Given records Start Marker
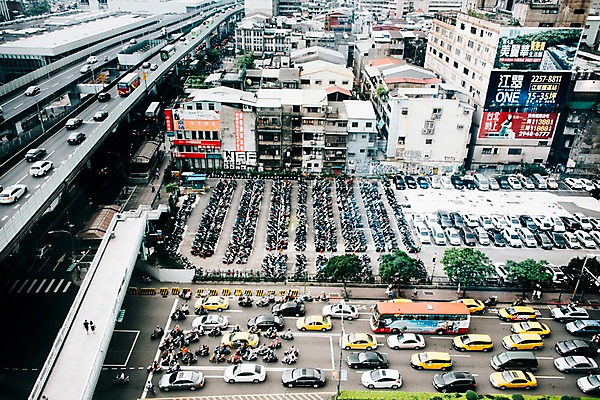 포토 JPG 주간 해외풍경 도로 자동차 사람없음 야외 도시풍경 도시 대만 주차장 국내포토 자연요소 해외 아시아 길 육상교통 교통시설 풍경 파일형식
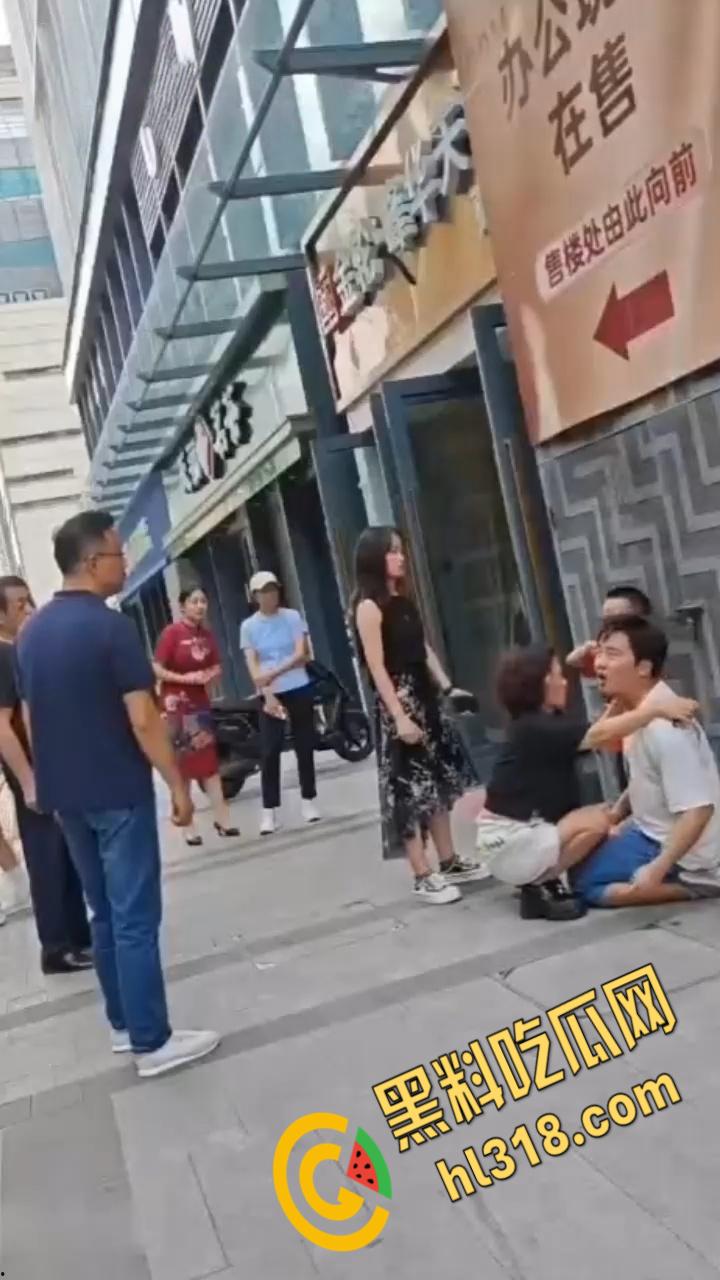 钱多不如鸡巴大！男子控诉老婆出轨，自己月入两万块，打两份工都管不住老婆被戴绿帽！-1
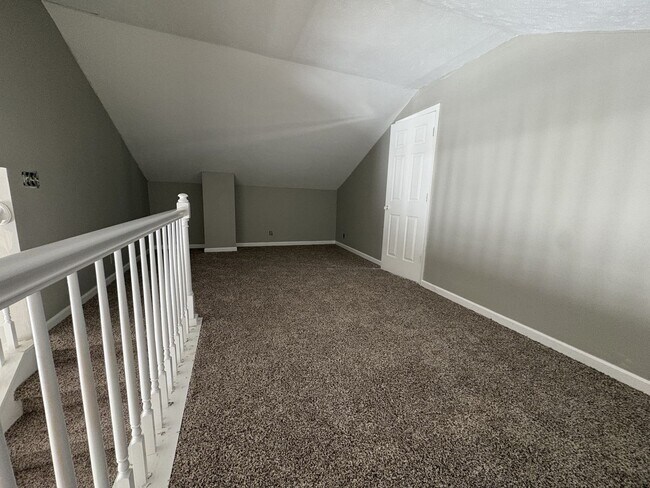 Building Photo - 3356 Milbridge Dr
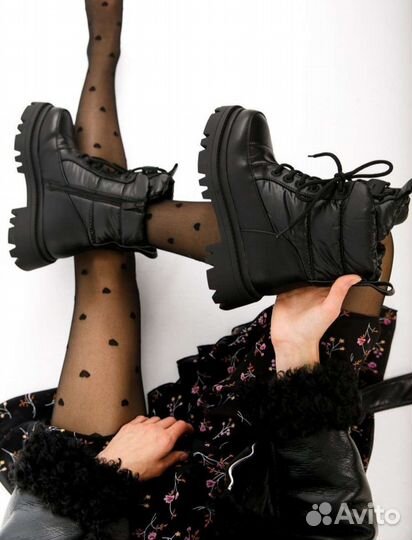 Ботинки женские зимние (новые)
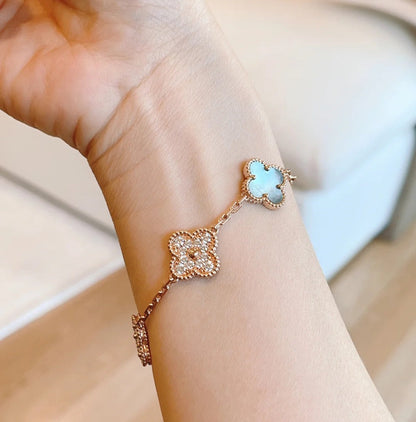 [⭐Sparkve] CLOVER 5 MOTIF GRAY MOP BRACELET COLLECTION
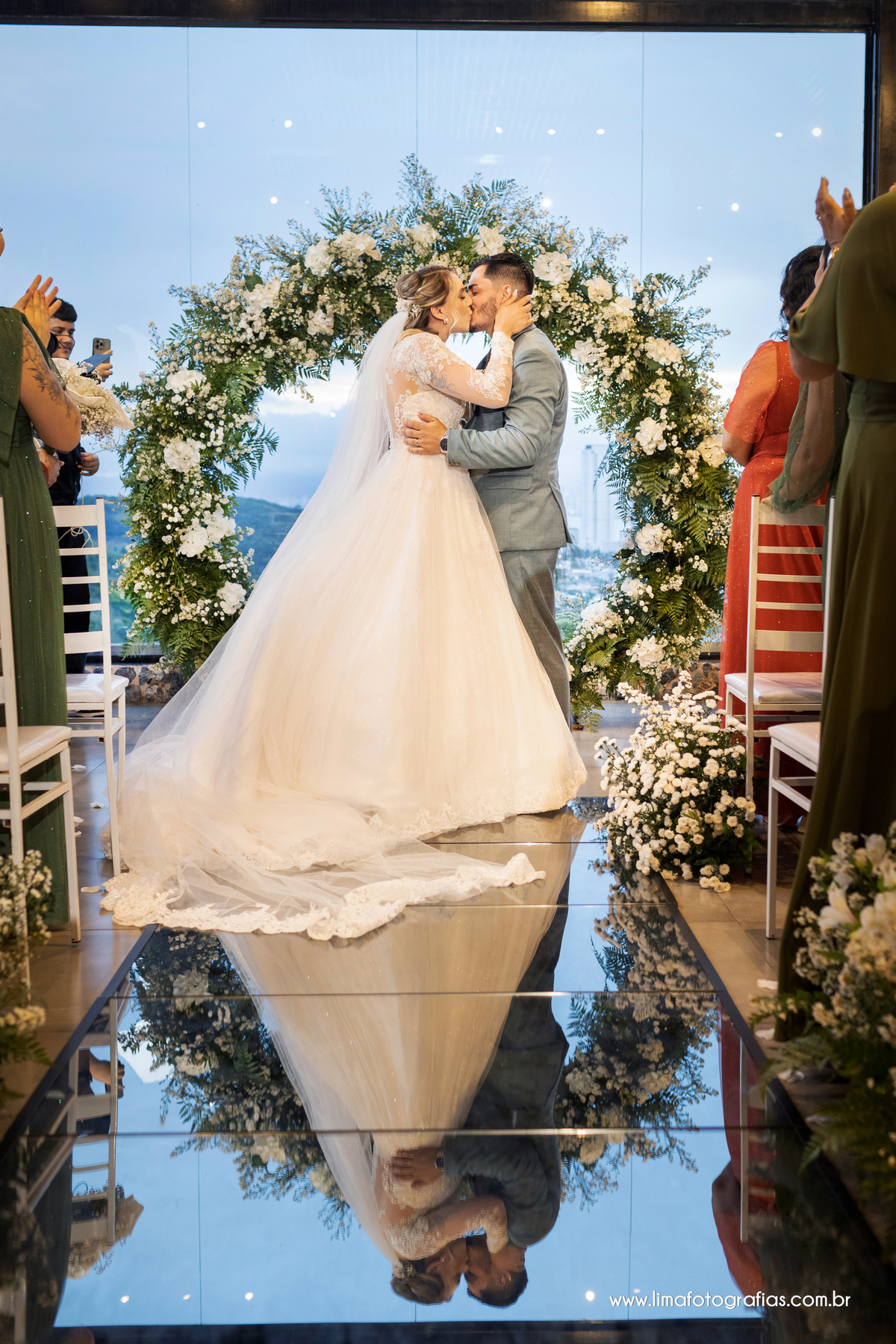 beijo dos recém casados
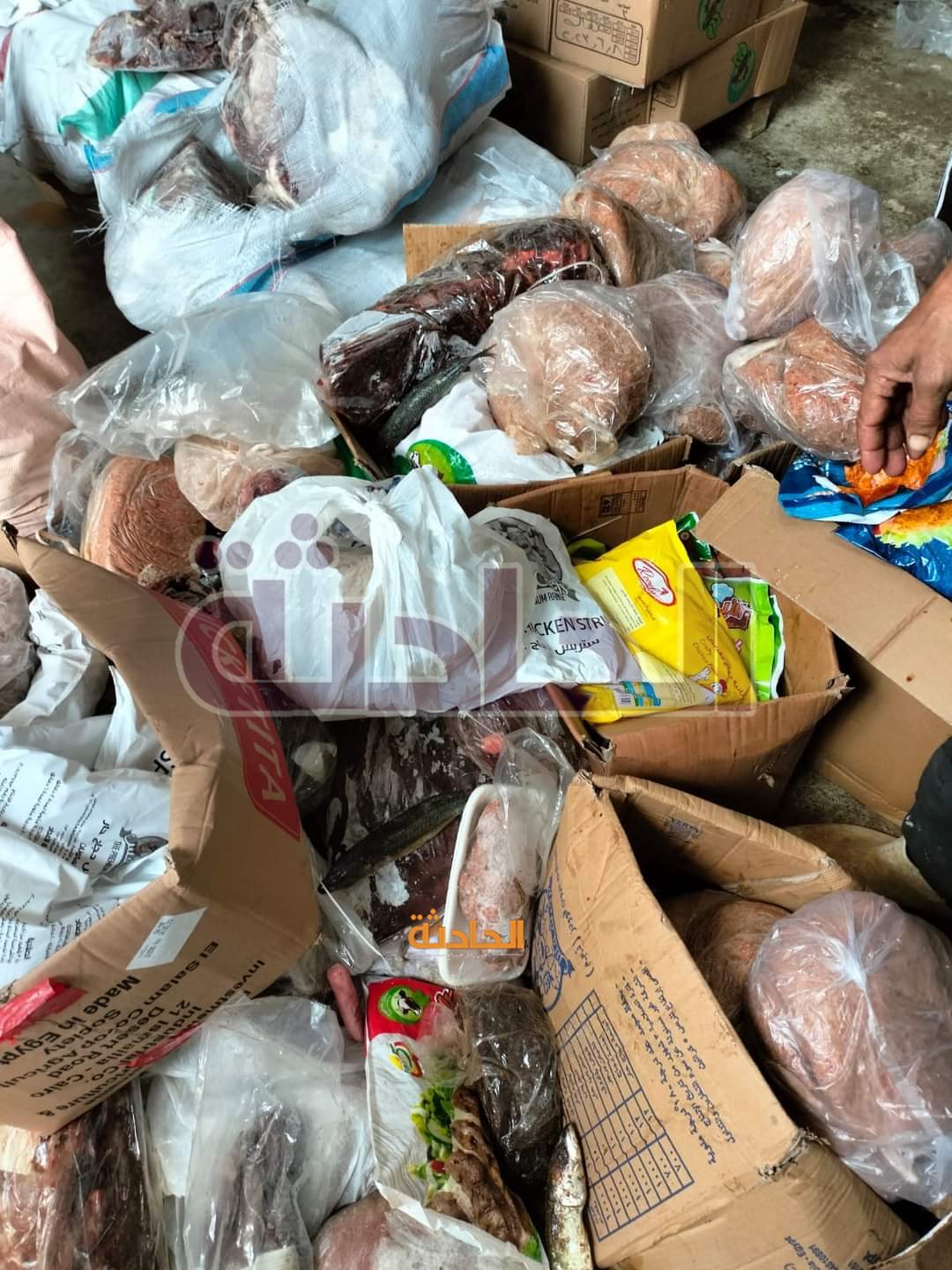 ضبط طن مصنعات لحوم غير صالحة للاستهلاك الآدمي بالجيزة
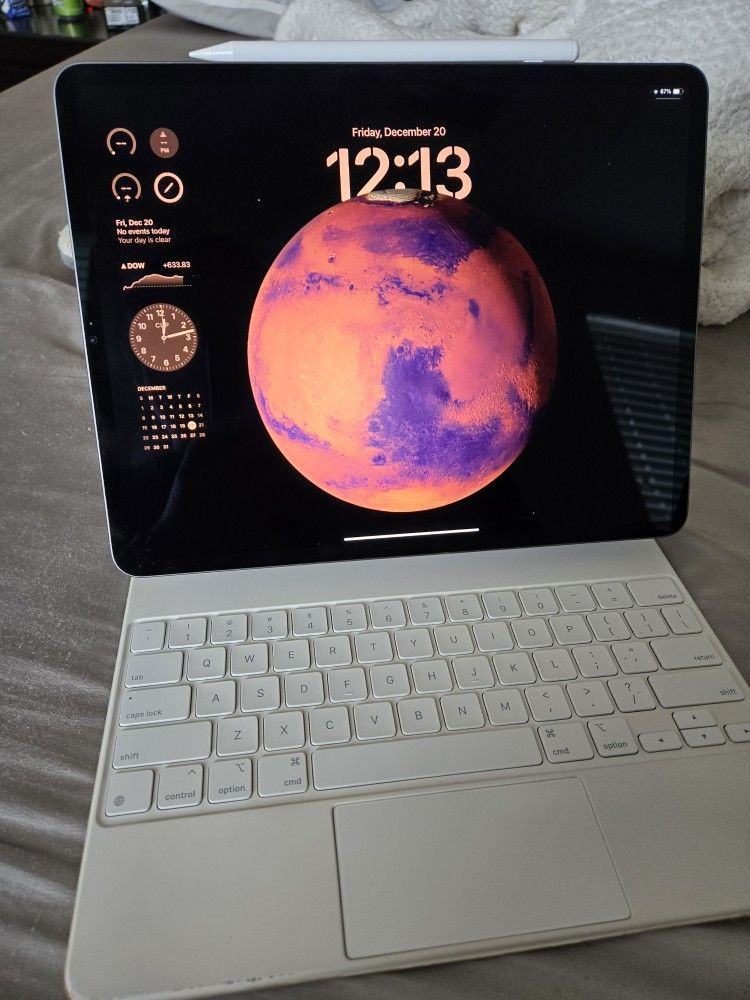 iPad Pro 12.9 M1 5th Gen with Apple intelligence & Magic Keyboard and Pencil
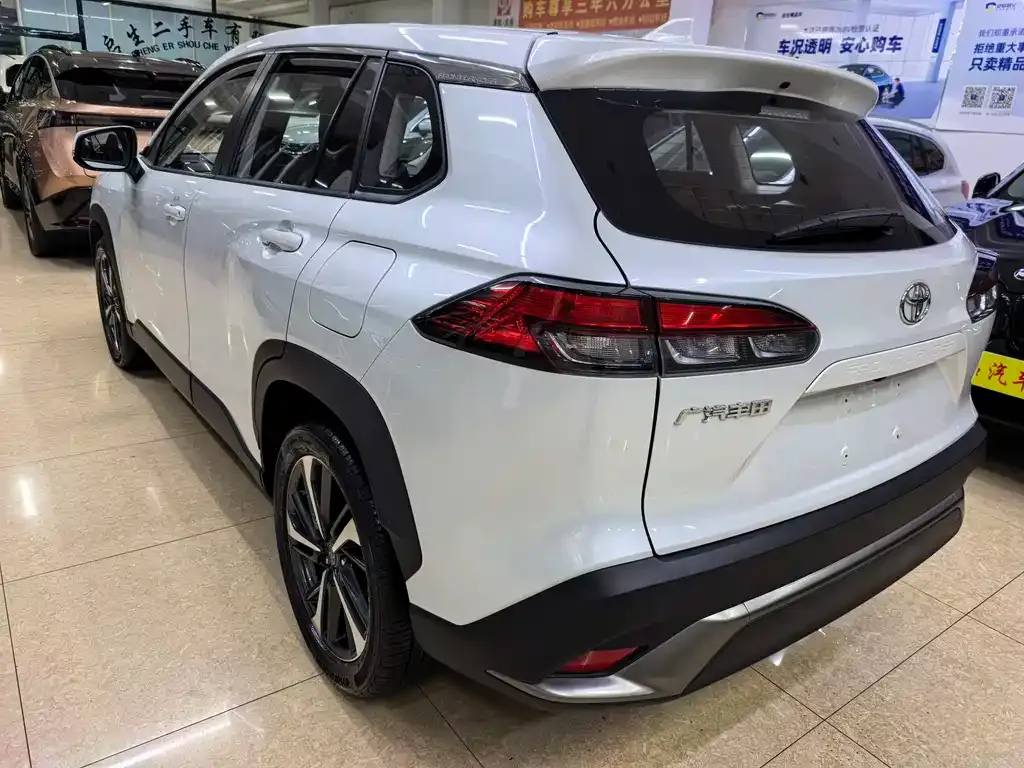 Toyota Frontlander 2022 из CN, фото 4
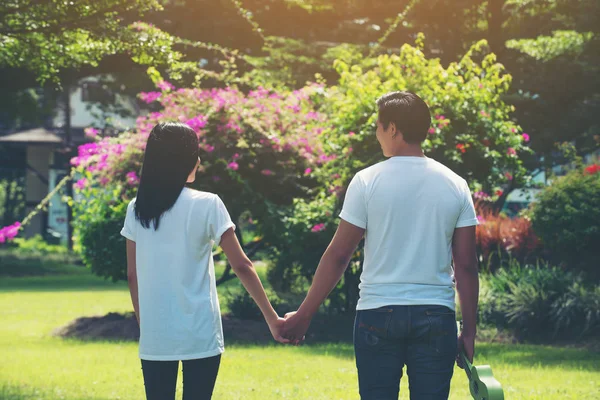 Pareja Joven Sosteniendo Las Manos Caminando Juntos —  Fotos de Stock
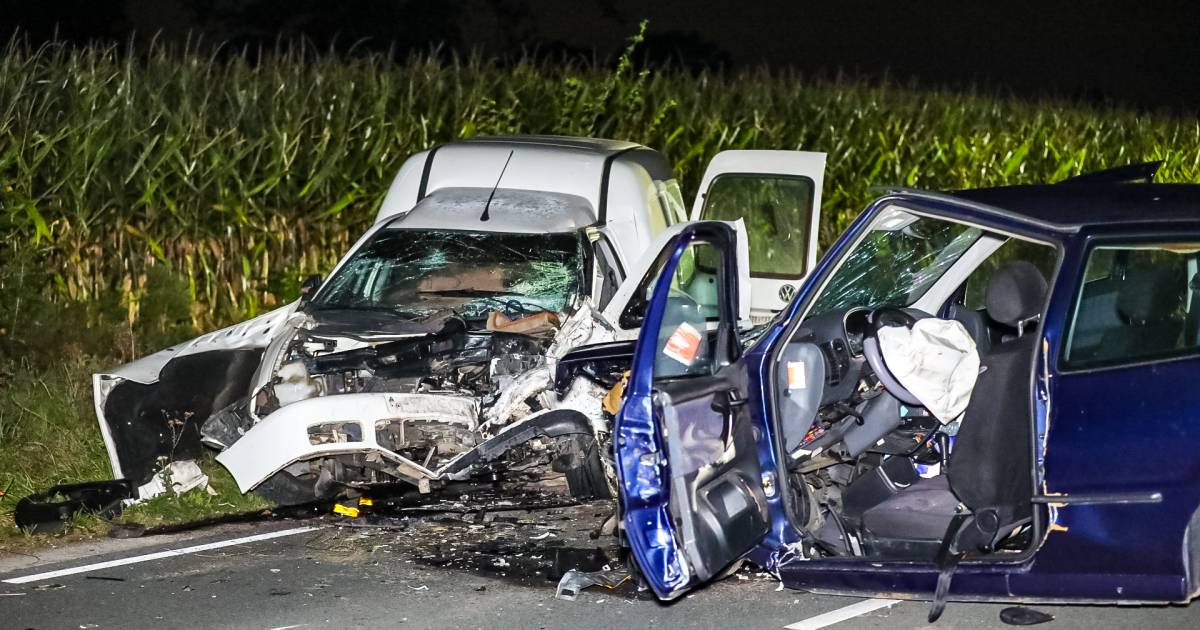 Opnieuw heftig ongeluk in Lunteren, waar brokkenwegen een hoofdpijndossier blijven.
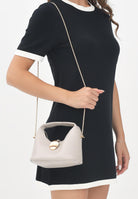 CALVIN KLEIN Borsa a mano sabbia da donna con fibbia LV04K3177G RMU CALVIN KLEIN 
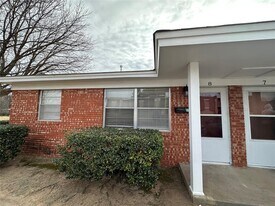 500 Stinson St in Norman, OK - Building Photo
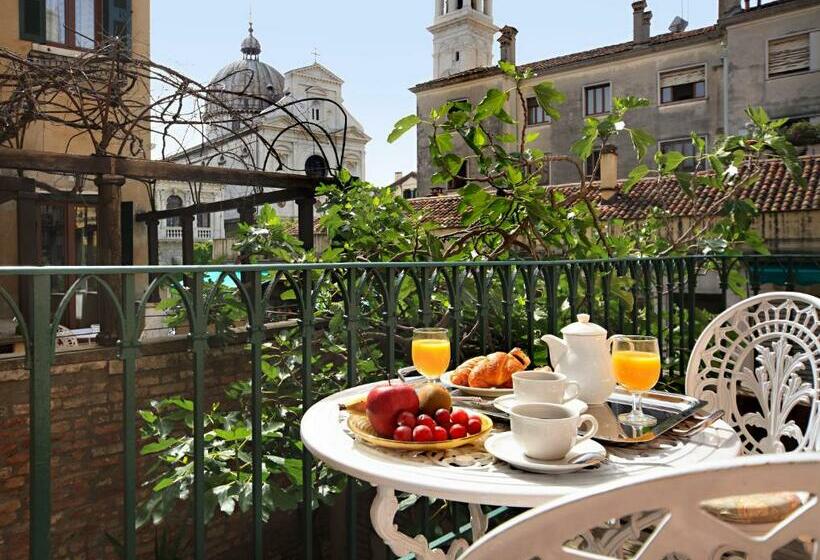 اتاق لوکس با چشم‌انداز, Casa Nicolo Priuli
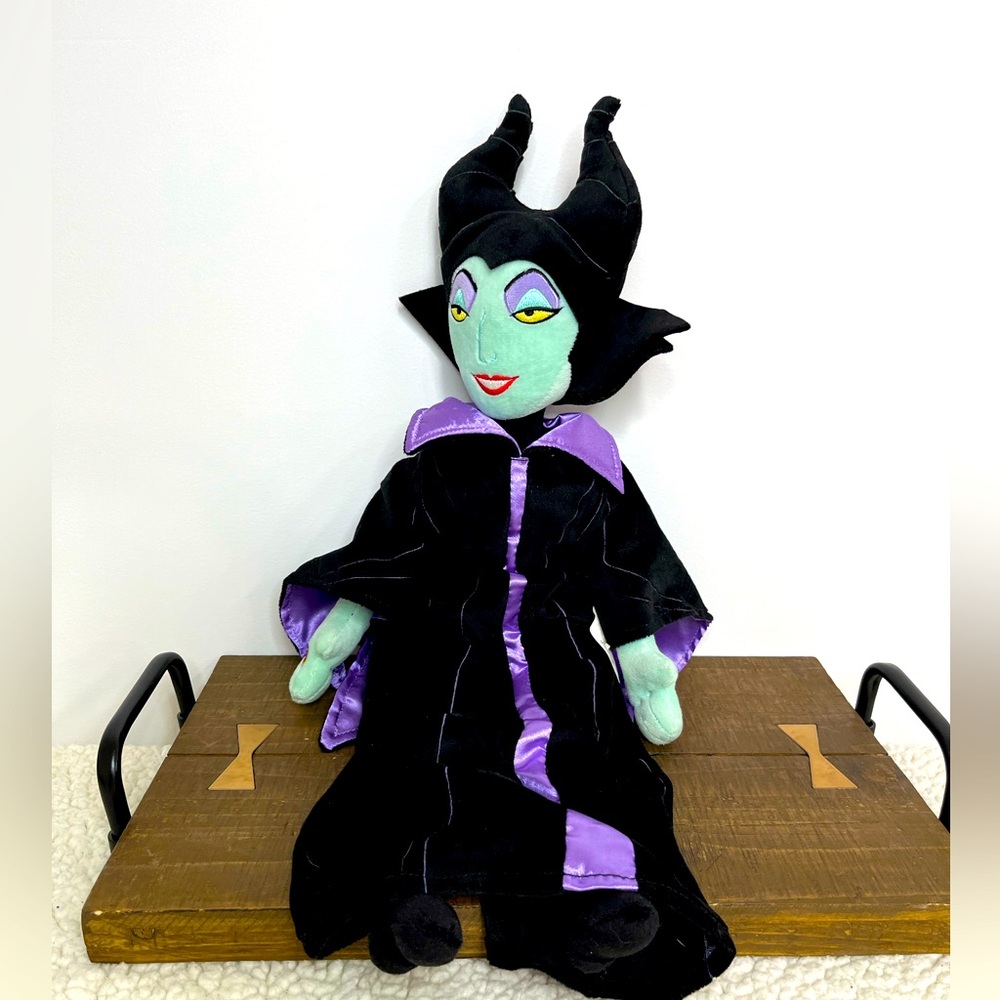 Disney Store Sleeping Beauty Maleficent Villain Plush Doll NWT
Given records End Marker
Please write out all the data word for word, but keep every picture out.

 포토 JPG 주간 해외풍경 도로 자동차 사람없음 야외 도시풍경 도시 대만 주차장 국내포토 자연요소 해외 아시아 길 육상교통 교통시설 풍경 파일형식
 钱多不如鸡巴大！男子控诉老婆出轨，自己月入两万块，打两份工都管不住老婆被戴绿帽！-1
 Building Photo - 3356 Milbridge Dr
 Ботинки женские зимние (новые)
 [⭐Sparkve] CLOVER 5 MOTIF GRAY MOP BRACELET COLLECTION
 beijo dos recém casados
 ضبط طن مصنعات لحوم غير صالحة للاستهلاك الآدمي بالجيزة
 iPad Pro 12.9 M1 5th Gen with Apple intelligence & Magic Keyboard and Pencil
 Toyota Frontlander 2022 из CN, фото 4
 Pareja Joven Sosteniendo Las Manos Caminando Juntos —  Fotos de Stock
 Opnieuw heftig ongeluk in Lunteren, waar brokkenwegen een hoofdpijndossier blijven.
 CALVIN KLEIN Borsa a mano sabbia da donna con fibbia LV04K3177G RMU CALVIN KLEIN 
 500 Stinson St in Norman, OK - Building Photo
 اتاق لوکس با چشم‌انداز, Casa Nicolo Priuli
 Disney Store Sleeping Beauty Maleficent Villain Plush Doll NWT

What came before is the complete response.